Les mains symbolisent à la fois l’action, la force, le support et la fondation communautaire du RÉSEAU. Les plumes, l’ulu ainsi que l’amalgame des couleurs (les 4 couleurs de la roue de médecine, le rouge, le jaune, le noir et le blanc, auxquelles ont été ajoutées le bleu, le vert et l’orange) soulignent la diversité de la communauté autochtone de la grande région montréalaise. Plus précisément, l’ulu représente la dimension féminine du RÉSEAU et rappelle que sans l’apport indispensable des femmes, pensons notamment au Foyer des femmes autochtones de Montréal comme l’un des organismes initiateurs du projet, ce RÉSEAU n’existerait pas. Ce couteau utilisé traditionnellement par les femmes inuit met également l’emphase sur le fait qu’au-delà de la volonté exprimée par les partenaires du RÉSEAU, les Comités de travail doivent développer et utiliser des outils adaptés à leurs mandats et à leurs priorités. Le symbole de l’infini représente quant à lui, les individus issus des communautés Métis du Canada.

 

Présentation du designer graphiste du logo

 

Martin Dubé est un Cri du Nord de la Saskatchewan qui a vécu la plus grande partie de sa vie à Montréal. Il est designer graphique depuis plus de treize ans, est marié et a trois enfants. Passionné, il a fondé sa propre entreprise, Mikisew’s Cree-ations, il y a environ six ans.
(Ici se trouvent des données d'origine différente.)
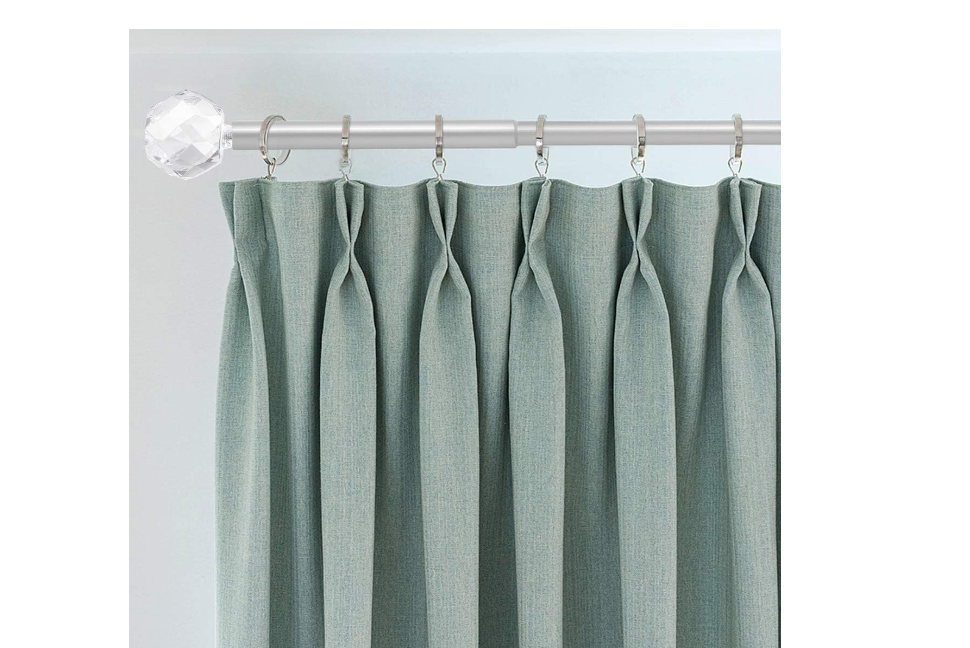 knobelite (4 Pack) Satin Nickel 3/4" Standard Decorative Curtain Rod for Windows 28 to 48 inch, Adjustable Window Single Curtain Rod Set with Acrylic Ball Finials, Home Curtains Rod and Finial Set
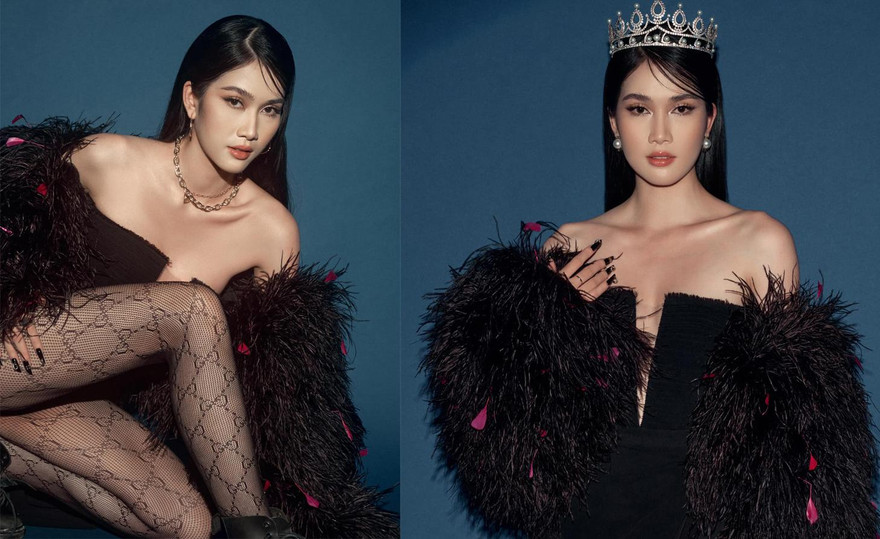 Á hậu Phương Anh phá cách với váy lông vũ xẻ ngực gợi cảm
Cette compagnie se spécialise dans les productions graphiques inspirées notamment des arts et des cultures autochtones, plus spécifiquement celles de la côte ouest de la Grande Tortue.
Ses expériences passées ont à la fois influencé son processus de création et sa prise de conscience sur l’environnement, sur sa beauté, sa grandeur et sa force, mais également sur sa fragilité. Au début de l’âge adulte, il choisit de quitter Montréal et de s’installer trois ans à Puvirnituq pour étudier. Ensuite, motivé par un désir de connaître et de rencontrer d’autres communautés autochtones, il parcourut le Canada, de Lourdes-de-Blanc-Sablon (Québec) à Nanaimo (Colombie-Britannique). Enfin, après ces années de voyage, il eut envie de retourner à ses racines et d’en apprendre plus sur sa culture avec les membres de sa communauté d’origine à Lac La Ronge. Il y vécut une année, où il en profita pour étudier avant de retourner s’établir à Montréal.